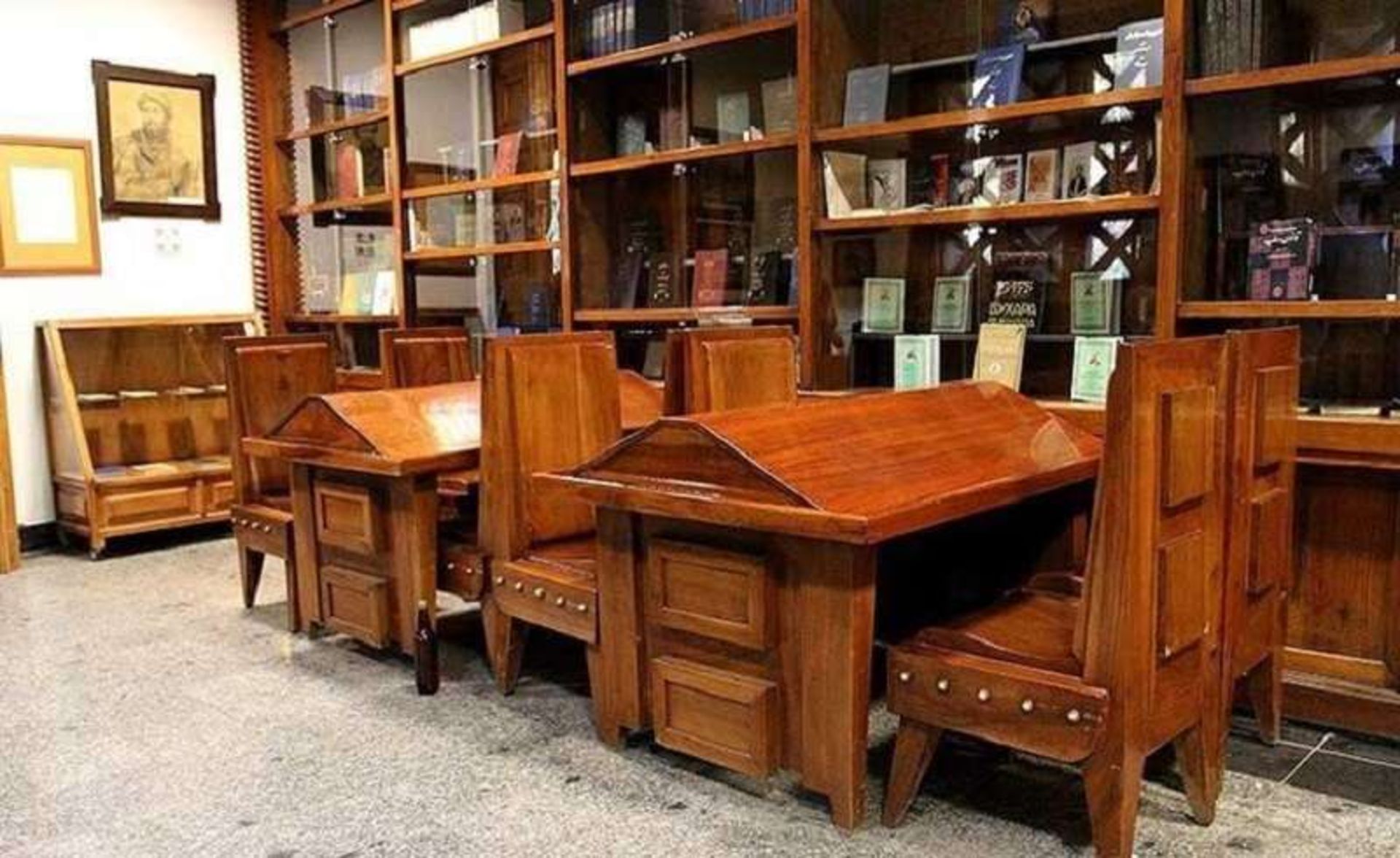 کتابخانه آرامگاه بوعلی سینا؛ منبع عکس: گوگل مپ؛ عکاس: اصغر شیروانی پور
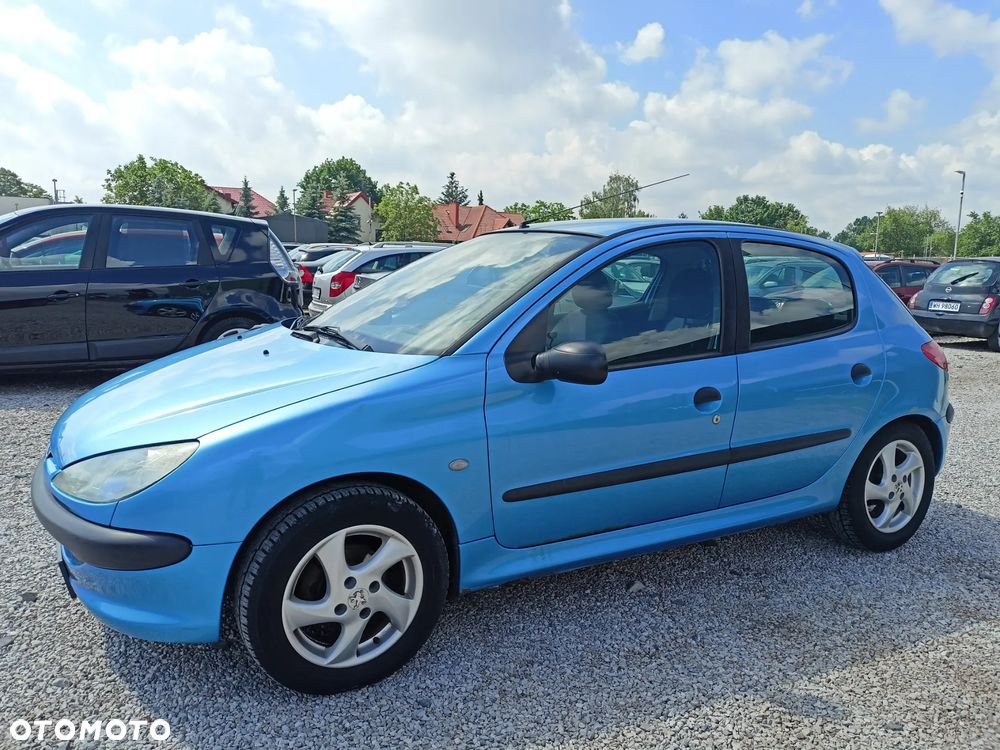 Peugeot 206 - 1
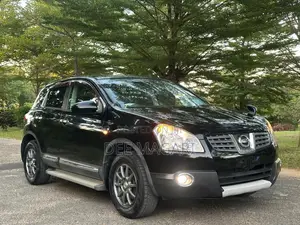 Nissan Dualis 2012 Black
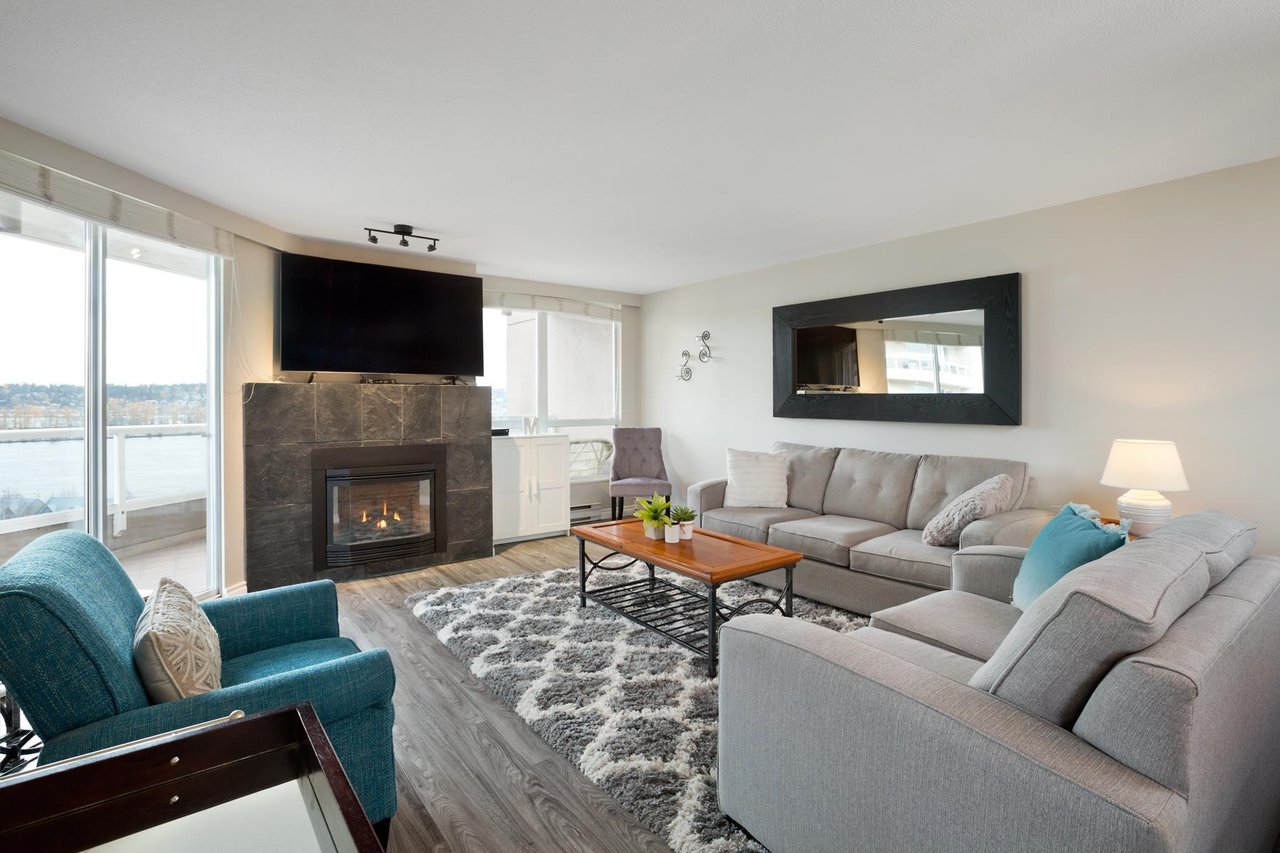 1704-1235 Quayside Dr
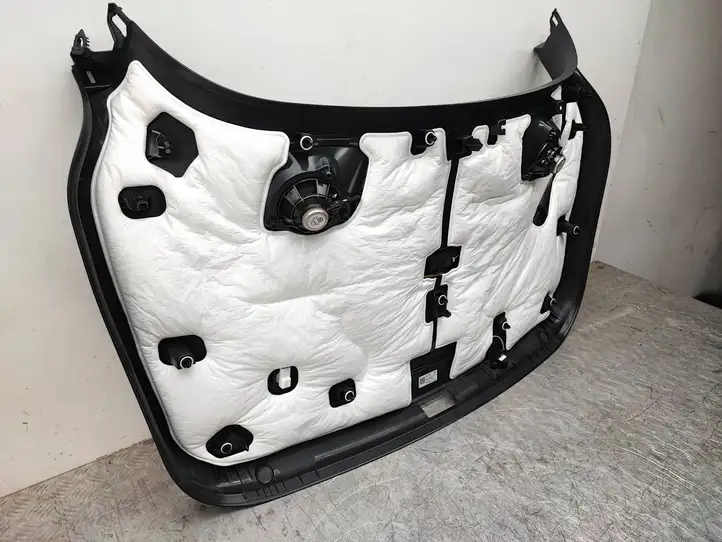 Tesla Model Y (2019 - 2024)  153668402G Основной отделочный щит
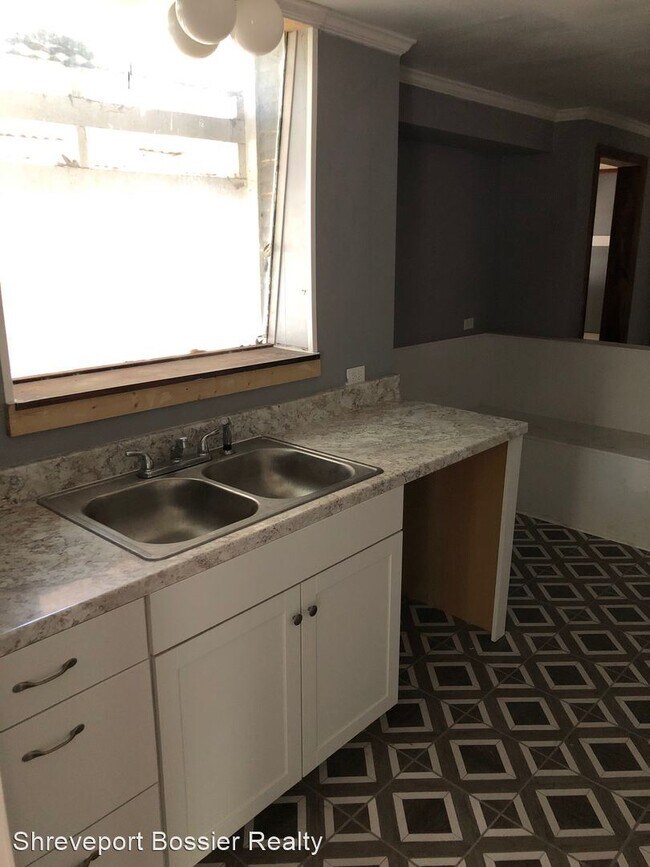 Building Photo - 3 br, 2 bath House - 2215 Highland Ave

Task goal
Restate word for word the lines from the line with "Peugeot 206 - 1" to the last line of the records above, inclusive, and omit every picture.

Solution to this exercise
 Peugeot 206 - 1
 Nissan Dualis 2012 Black
 1704-1235 Quayside Dr
 Tesla Model Y (2019 - 2024)  153668402G Основной отделочный щит
 Building Photo - 3 br, 2 bath House - 2215 Highland Ave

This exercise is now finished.